Posted on Saturday, Feb 15th 2020

Sramana Mitra: Let’s talk a bit about how you built the company. You started in 2002. How did you get your first customers? How did you acquire them? Where did you focus? What was the positioning? 

Anthony Minessale: When we worked on the open source project, our primary focus was providing functionality to the missing piece. Open source is not a distinction in that early stages between end user and a customer.

Sramana Mitra: Obviously, open source needs to be monetized. In commercial open source, you have to provide either support or premium services. My question is more around that. Where was the monetization coming from? Which customers were monetizing?

Anthony Minessale: What naturally happened as a result of our popularity is, enterprise companies were starting to have larger requirements.

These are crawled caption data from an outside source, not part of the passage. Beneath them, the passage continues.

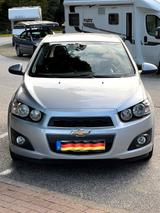 Chevrolet Aveo LTZ 1.6 Klima/Sitzhzg Aluf.... - Chevrolet Aveo: Privatanbieter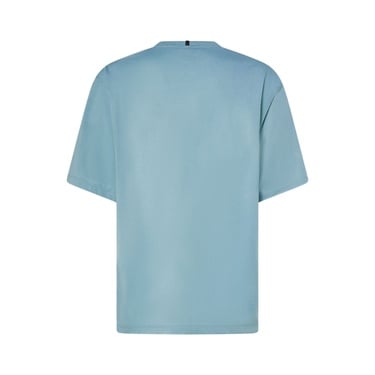  Oakley Jellyfish Erkek Mavi Tişört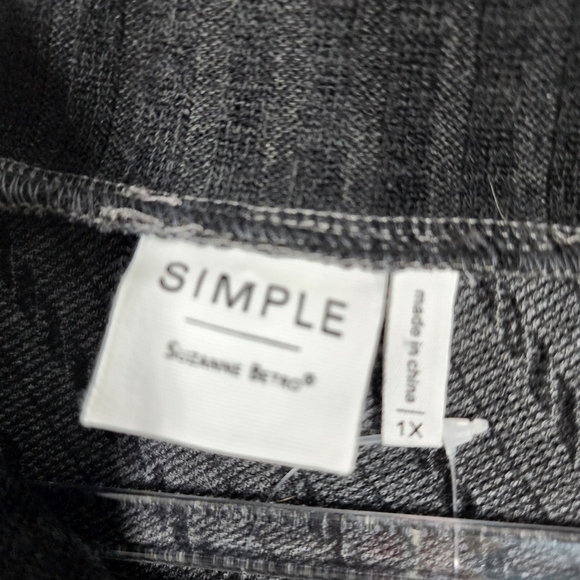 SIMPLE SUZANNE BETRO TOP - Picture 8 of 9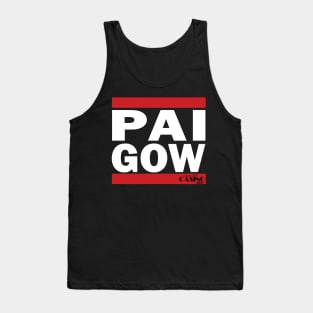 Cousin Vito's Casino Pai Gow Parody shirt! Tank Top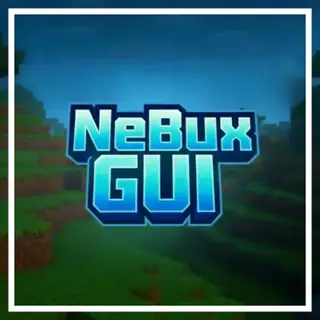 NeBux GUI
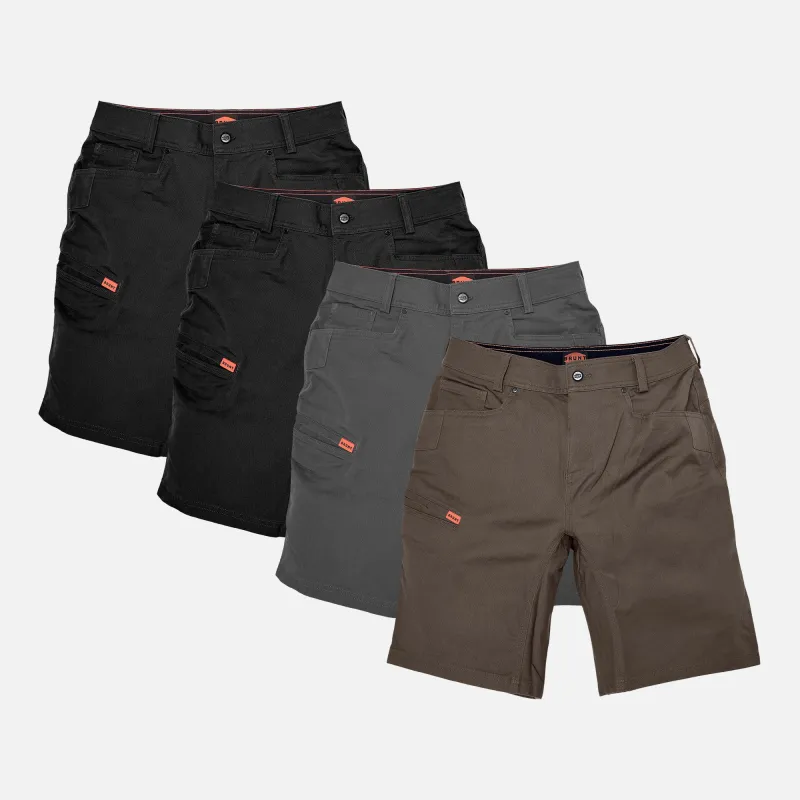 The Torra Short Pack (4 for 3) sold by BRUNT Workwear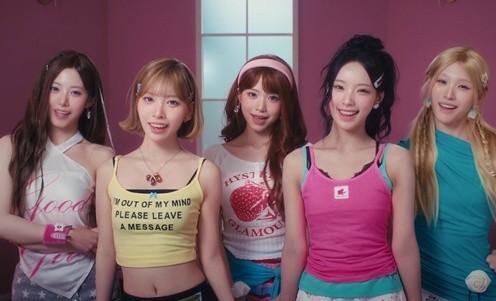 리센느, 컴백 카운트다운…'<b>프리티 걸</b>' MV 티저 공개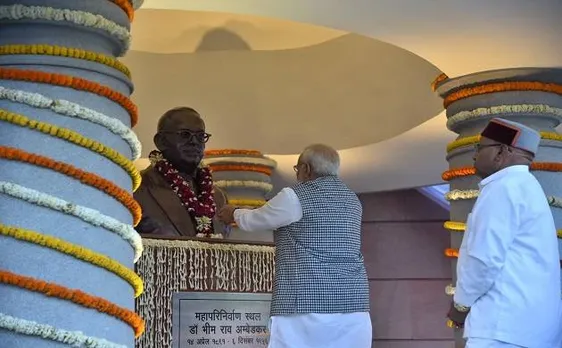 अंबेडकर मेमोरियल के उ्दघाटन पर पीएम मोदी का ऐलान, SC/ST के हितों पर कानून में बदलाव से नहीं पड़ने दूंगा असर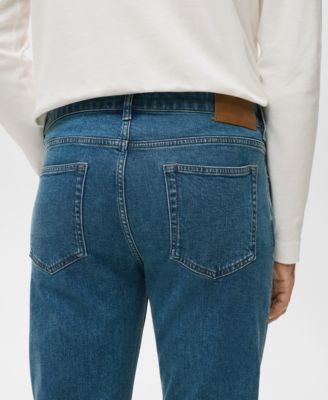 Men's Slim Fit Ultra Soft Touch Patrick Jeans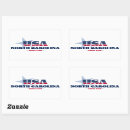 Search for north carolina state flag stickers Patriotic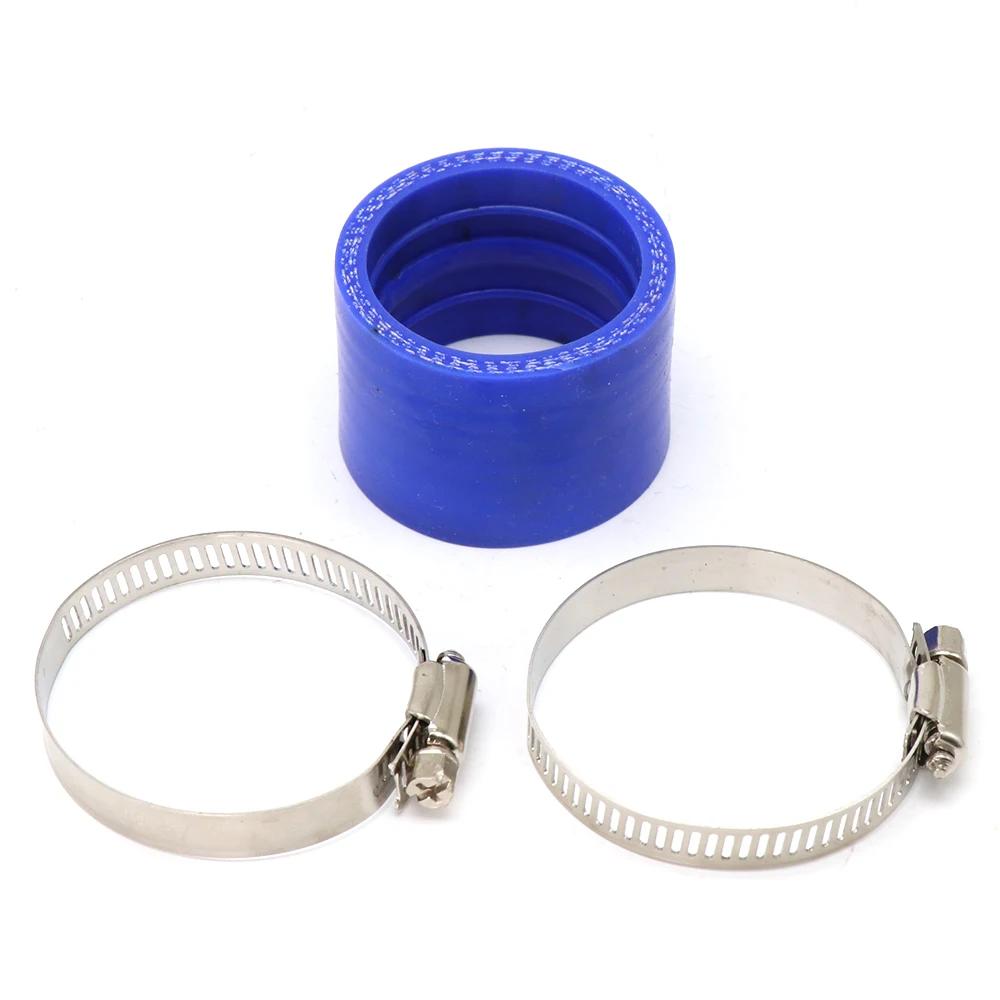 ZSDTRP adaptateur en caoutchouc de carburateur de moto 35mm 40mm 45mm 50mm 55mm tuyau d'admission d'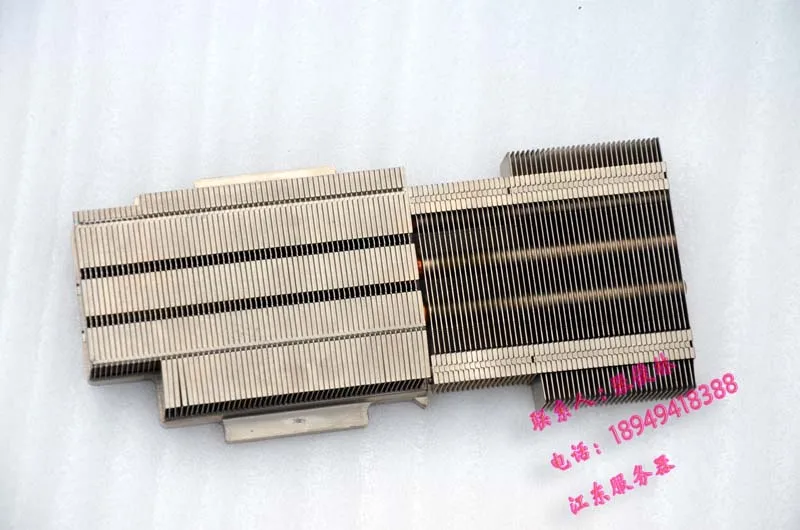 Per Dissipatore Di Calore Cpu Dell Poweredge R300 Server Cn728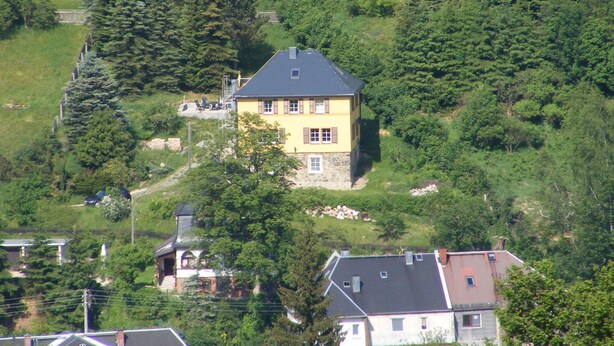 Unclassified image, 1 of 26, button - Countryside Holiday Home in Klingenthal Saxony With Terrace (Klingenthal)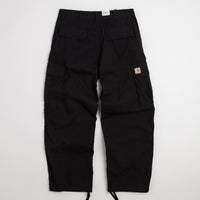 Carhartt OG Cargo Pants - Black Stone Washed thumbnail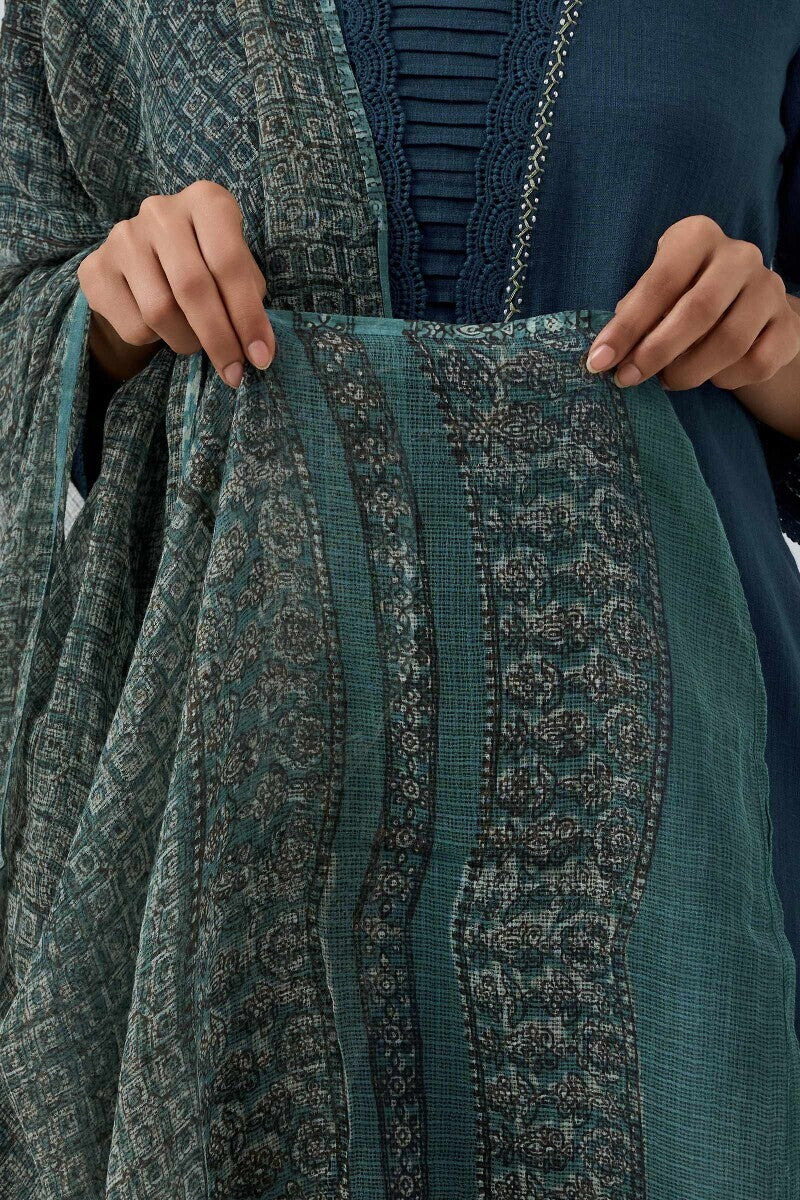 Sehra Aisha Akola Dupatta - Image 4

It created an environment to build a RedHat model. We maintained functionalities that companies depend on in exchange for recurring revenue. We got our first $2 million just from taking large enterprise companies and making sure they have the functions they needed.

Sramana Mitra: How many enterprise customers added up to the $2 million in revenue?

Anthony Minessale: Roughly a hundred. Before we started SignalWire, we had this consultant company. That is an okay way to be successful, but it doesn’t scale. In order to keep up with the speed, you have to maintain a large number of developers and engineering networks.

To make a real company, you can’t just be a mechanic for people. It doesn’t really scale. The whole premise of what we were trying to do is to reduce the requirement of having vast knowledge to be successful. That’s why we shifted from doing a consulting model to the cloud.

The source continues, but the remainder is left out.